Life (Basel). 2022 Jan 23;12(2):166. doi: 10.3390/life12020166.
During pregnancy, the placenta is established as a primary organ for drug transport at the maternal-fetal interface. The fetal membranes (FM) also form an interface with maternal tissues; however, their role in drug transport has not been previously investigated. Knowledge of drug transport across this feto-maternal interface along with the placenta can improve new drug development and testing for use during pregnancy. We also hypothesize that extracellular vesicles (exosomes 30-160 nm) released from the FM and placental cells may also contain drug transport proteins and might impact drug trafficking across the feto-maternal interfaces. The objectives were to (1) localize the breast cancer resistance protein (BCRP) in human FM; (2) determine the drug transport function of BCRP in chorion trophoblast cells (CTCs) of the FM; and (3) investigate the presence of BCRP in FM cell-derived exosomes, as a paracrine modifier of the tissue environment for transport functions. The gene and protein expressions of ABCG2/BCRP in FMs were determined by quantitative real-time PCR (qRT-PCR) and western blotting (WB) and were localized by immunohistochemistry (IHC). The surface expression of BCRP in FM cells was determined by flow cytometry. The functional role of BCRP was assessed by an EFFLUX dye multidrug resistance assay. The presence of BCRP in exosomes derived from CTCs and BeWo cells was examined using ExoView. Data derived from CTCs are compared with placental trophoblast cells (BeWo). BCRP is expressed and localized in the fetal membrane, primarily in the chorion trophoblast cell layer and scarcely in the amnion epithelial layer (AEC), and primarily localized on both AEC and CTC cell surfaces. Efflux assay data showed that FM cells have similar drug resistance activity as BeWo cells, suggesting that FM also have drug transportation capabilities. BeWo- and CTC-derived exosomes expressed limited BCRP protein on the surface, so it was predominantly contained in the exosomal lumen. As far as we are aware, this is the first study to report BCRP expression in fetal membrane cells and as cargo in fetal membrane-derived exosomes. We report that fetal membrane cells are capable of drug transportation. Based on these results, investigational drug trials should include the FM and its exosomes as possible drug transportation routes in pregnancy.
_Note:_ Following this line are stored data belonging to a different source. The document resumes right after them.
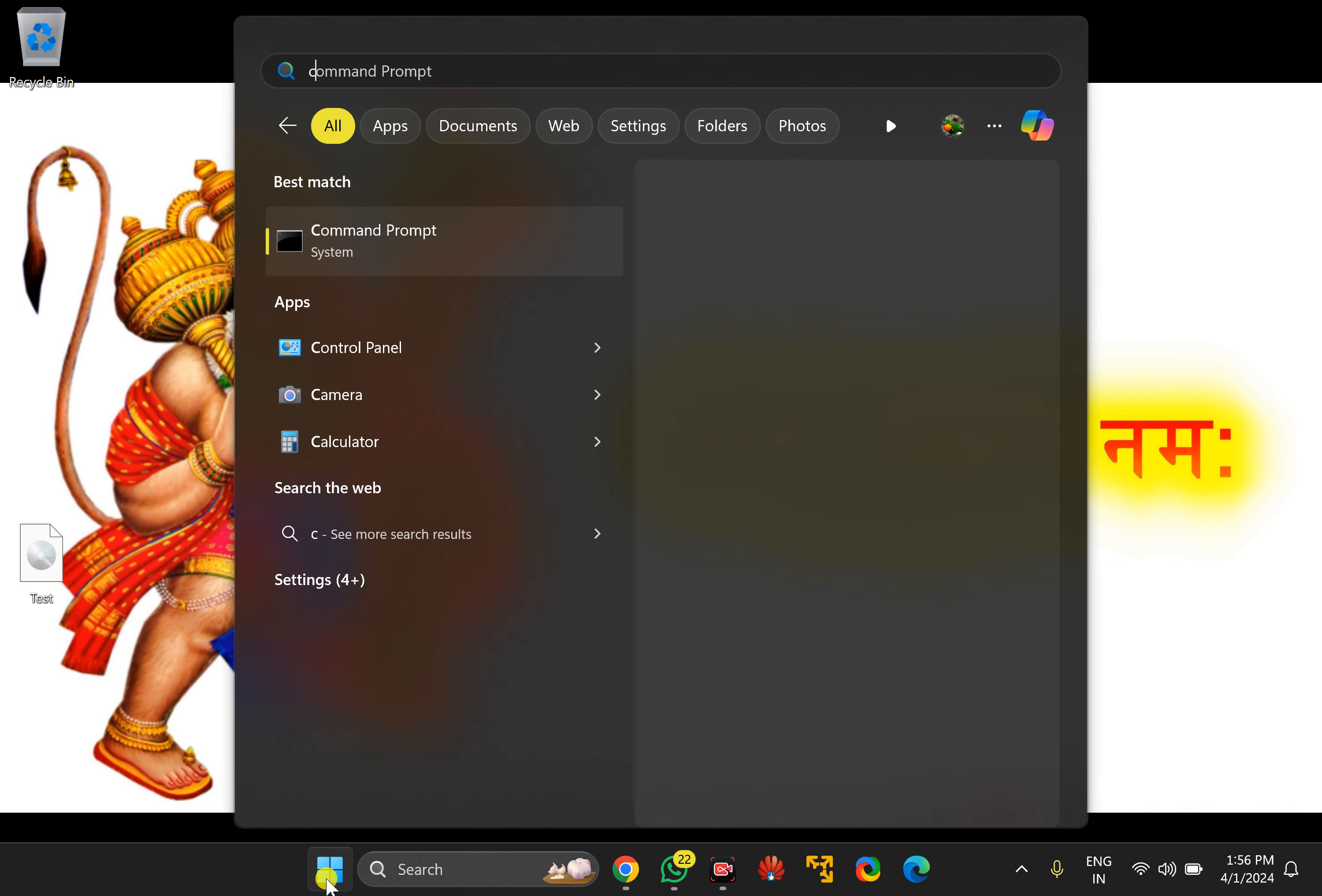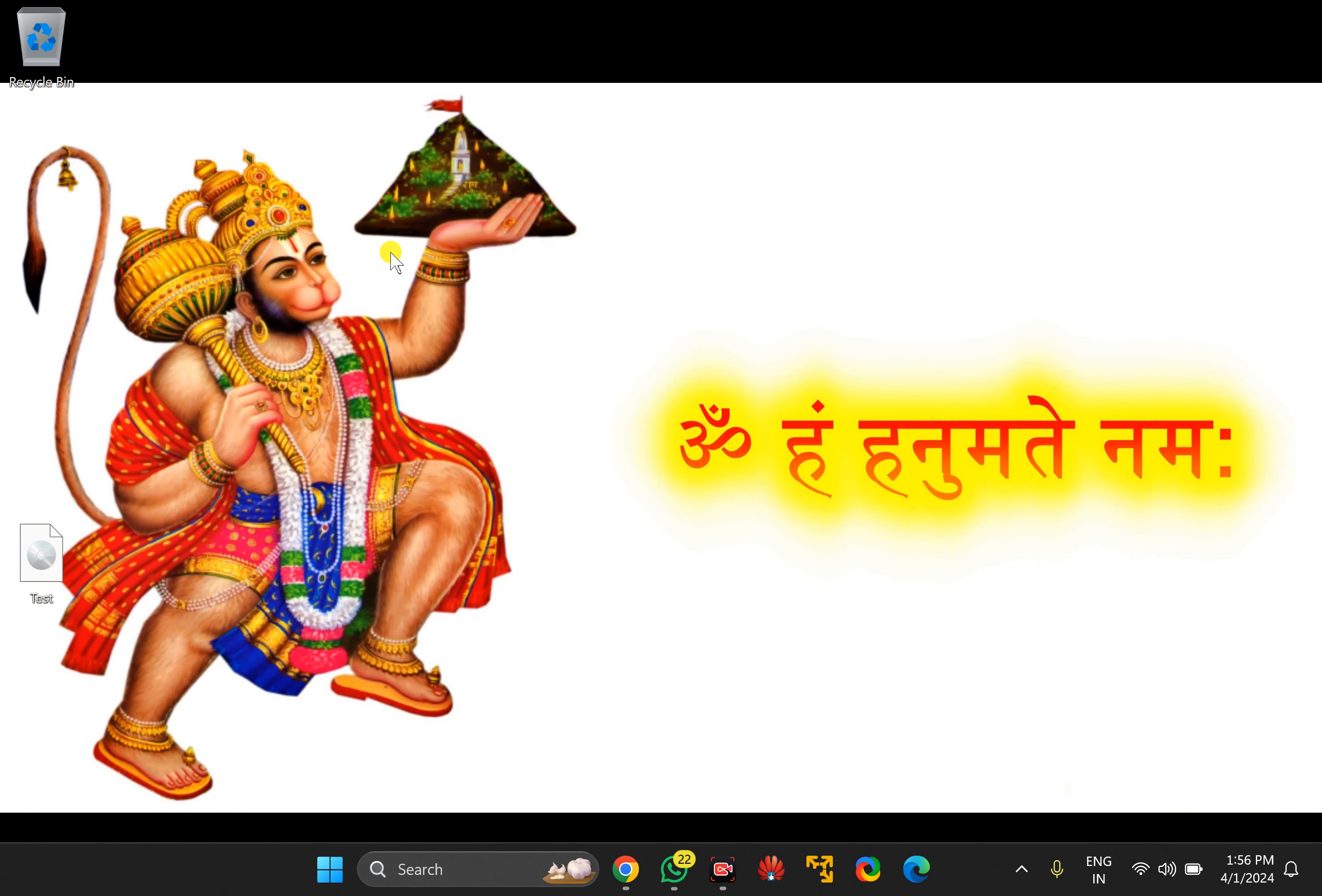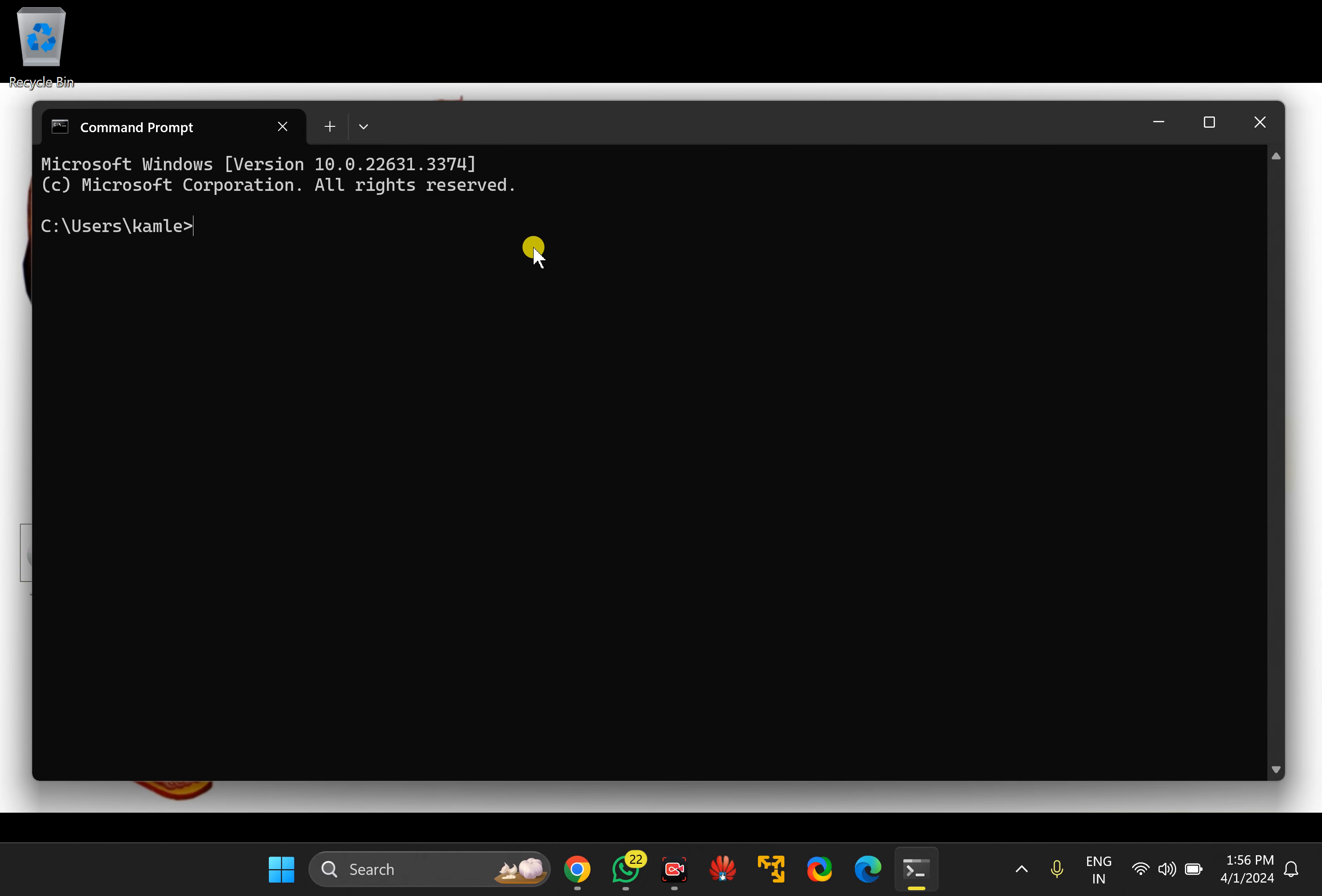Click on the Command Prompt entry. In the Command Prompt window, type: wmic baseboard get product, manufacturer and then press Enter.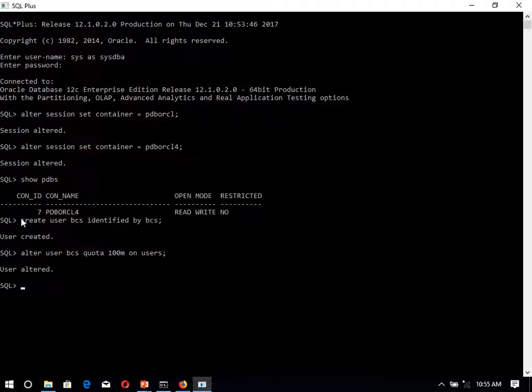If you want to change the password of this user, you can simply alter user, name of user, identified by password. Alter user BCS identified by password. Let me want to change it to BCS123. That will be the password over there.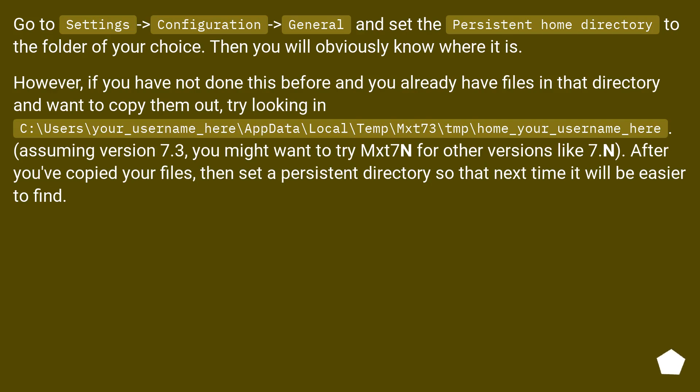Go to Settings, Configuration, General and set the Persistent Home directory to the folder of your choice. Then you will obviously know where it is.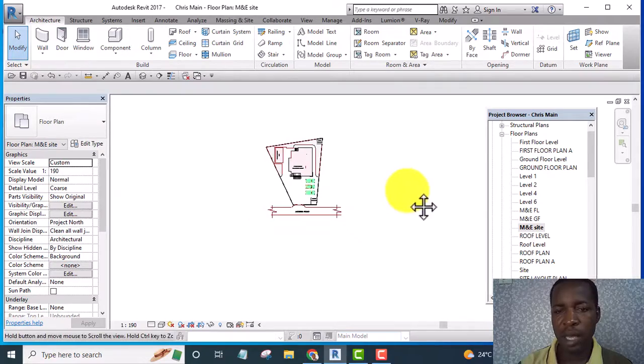Hello, how are you doing today? In this video I'll be showing you how you can export your title block from Revit to AutoCAD. Without wasting your time, let's get started. Alright, I am in Revit now.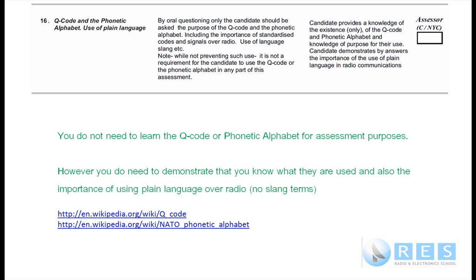A very rudimentary understanding of their purpose is all you need. You have a subset of the Q-code in your foundation manual — the full Q-code is very big — and you also have the phonetic alphabet. But you do not have to commit them to memory for your assessment. Just know their purpose. That's competency 16. Cheers for now. This is Ron VK2DQ.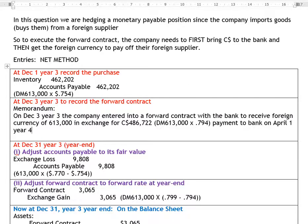Welcome to this video on forward contracts. In this example, we're hedging a monetary payable position using a forward contract. The company is importing goods, meaning they're buying from a foreign supplier. We have to visualize what's going on: a company has a supplier in a foreign country, and when we go to pay that supplier, we have to pay them in the supplier's currency — in our case, DMs.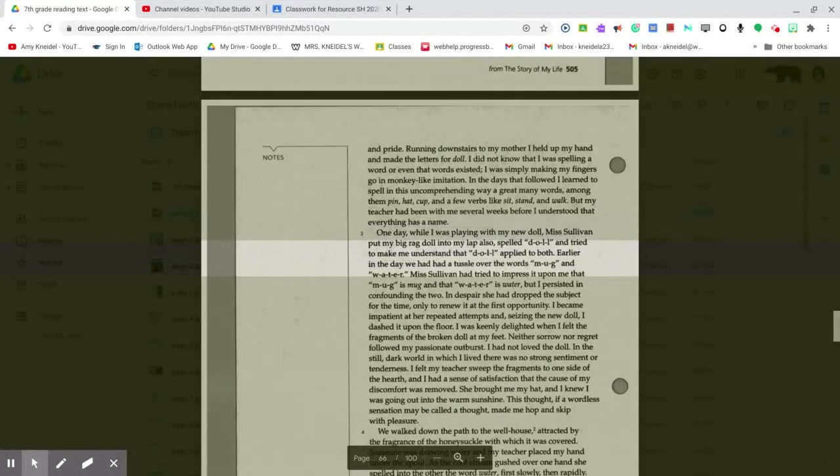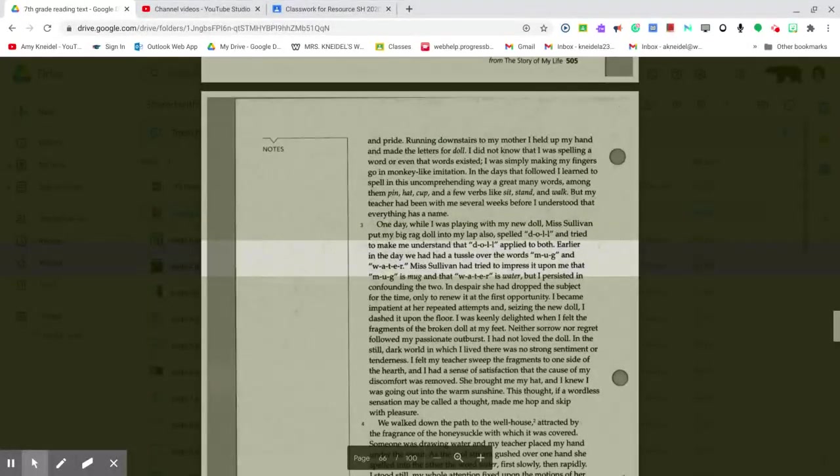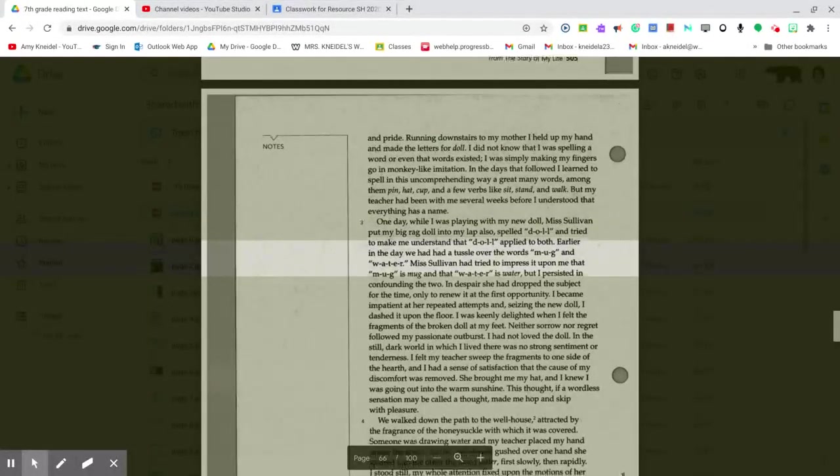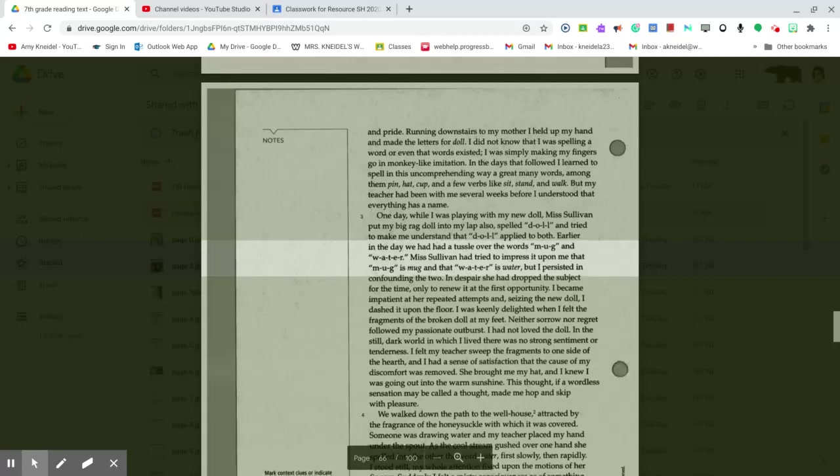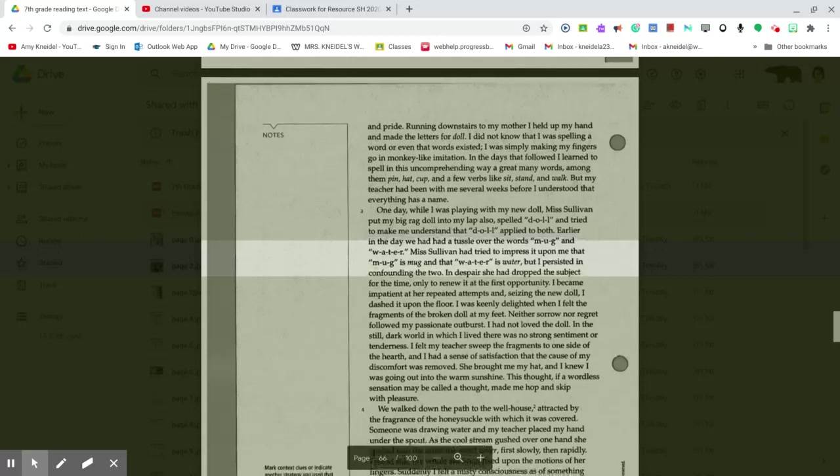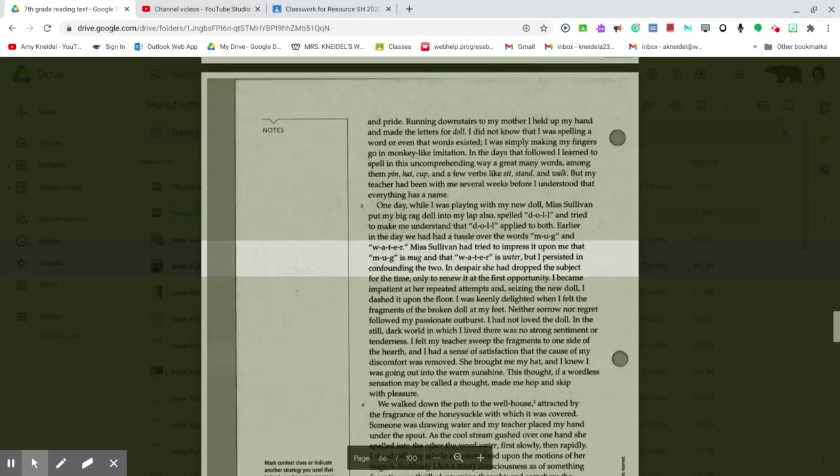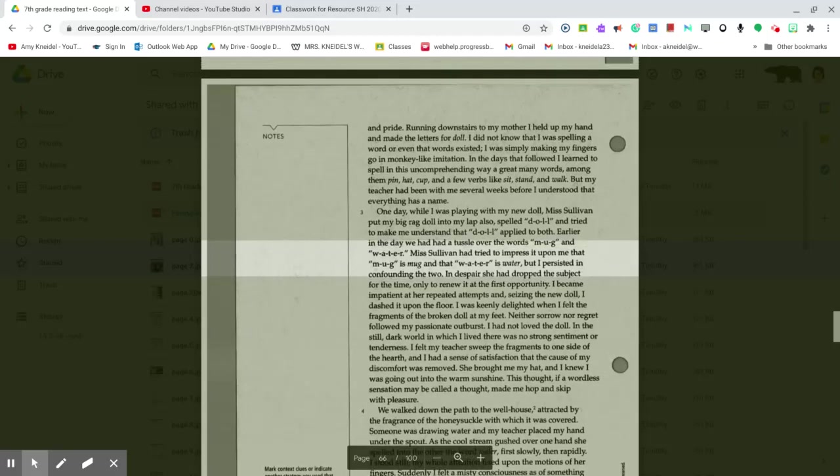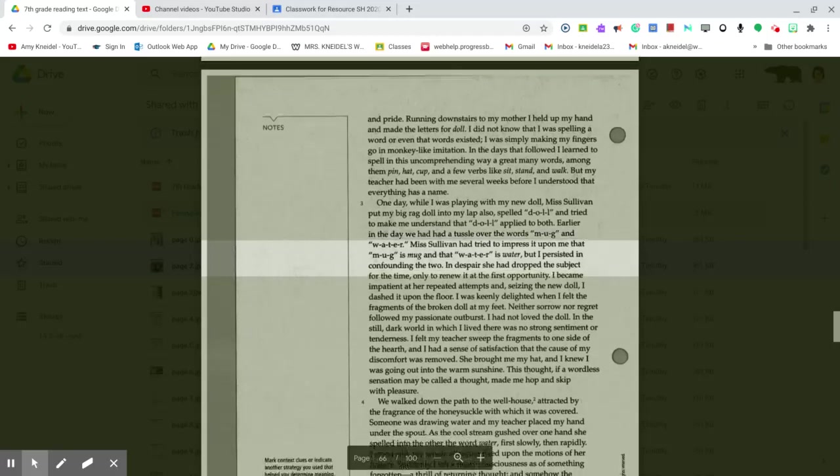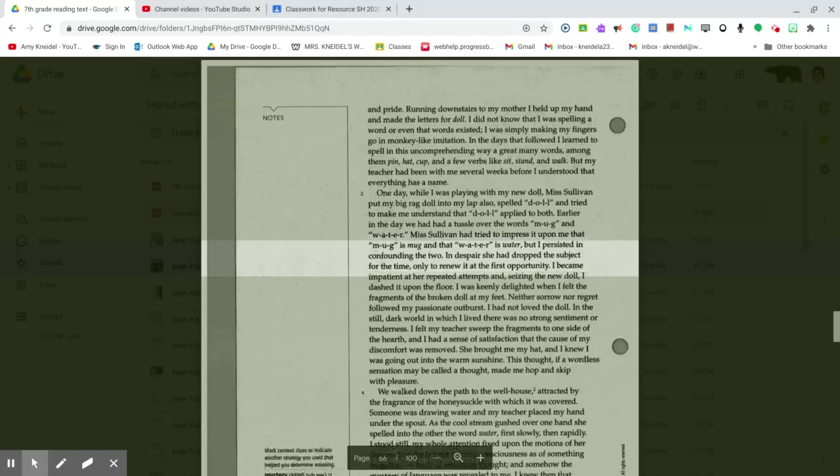Earlier in the day we had had a tussle over the words mug and water. Miss Sullivan had tried to impress upon me that M-U-G is mug and that W-A-T-E-R is water, but I persisted in confounding the two. In despair, she had dropped the subject for the time, only to renew it at this first opportunity.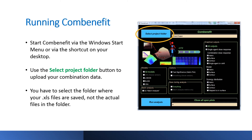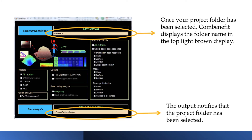To run ComBenefit, start it via the Windows Start menu or via the shortcut on your desktop. Note that it may take a few minutes for the interface to open, depending on your machine. Once the interface is displayed, use the Select Project Folder button to upload your combination data. Notice that you have to select the folder where your .xls files are saved, not the actual files in the folder. Once your project folder has been selected, ComBenefit displays the folder name in the top light brown display, and the output notifies that the project folder has been selected.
在怀孕期间,胎盘成为母胎界面处药物转运的主要器官。胎膜(FM)也与母体组织形成一个界面;然而,其在药物转运中的作用此前尚未得到研究。了解药物在这个胎儿 - 母体界面以及胎盘之间的转运情况,有助于改进孕期新药的研发和测试。我们还推测,胎膜和胎盘细胞释放的细胞外囊泡(30 - 160纳米的外泌体)可能也含有药物转运蛋白,并可能影响药物在胎儿 - 母体界面的转运。本研究的目的是:(1)在人胎膜中定位乳腺癌耐药蛋白(BCRP);(2)确定BCRP在胎膜绒毛滋养层细胞(CTC)中的药物转运功能;(3)研究BCRP在胎膜细胞来源的外泌体中的存在情况,作为组织环境中调节转运功能的旁分泌因子。通过定量实时PCR(qRT-PCR)和蛋白质印迹法(WB)测定胎膜中ABCG2/BCRP的基因和蛋白表达,并通过免疫组织化学(IHC)进行定位。通过流式细胞术测定BCRP在胎膜细胞表面的表达。通过外排染料多药耐药试验评估BCRP的功能作用。使用ExoView检测从CTC和BeWo细胞衍生的外泌体中BCRP的存在情况。将来自CTC的数据与胎盘滋养层细胞(BeWo)进行比较。BCRP在胎膜中表达并定位,主要位于绒毛滋养层细胞层,在羊膜上皮层(AEC)中很少表达,并且主要定位于AEC和CTC细胞表面。外排试验数据表明,胎膜细胞具有与BeWo细胞相似的耐药活性,这表明胎膜也具有药物转运能力。BeWo和CTC衍生的外泌体在表面表达有限的BCRP蛋白,因此它主要包含在外泌体腔中。据我们所知,这是第一项报道BCRP在胎膜细胞中表达以及作为胎膜来源外泌体中的货物的研究。我们报道胎膜细胞具有药物转运能力。基于这些结果,研究性药物试验应将胎膜及其外泌体作为孕期可能的药物转运途径纳入考虑。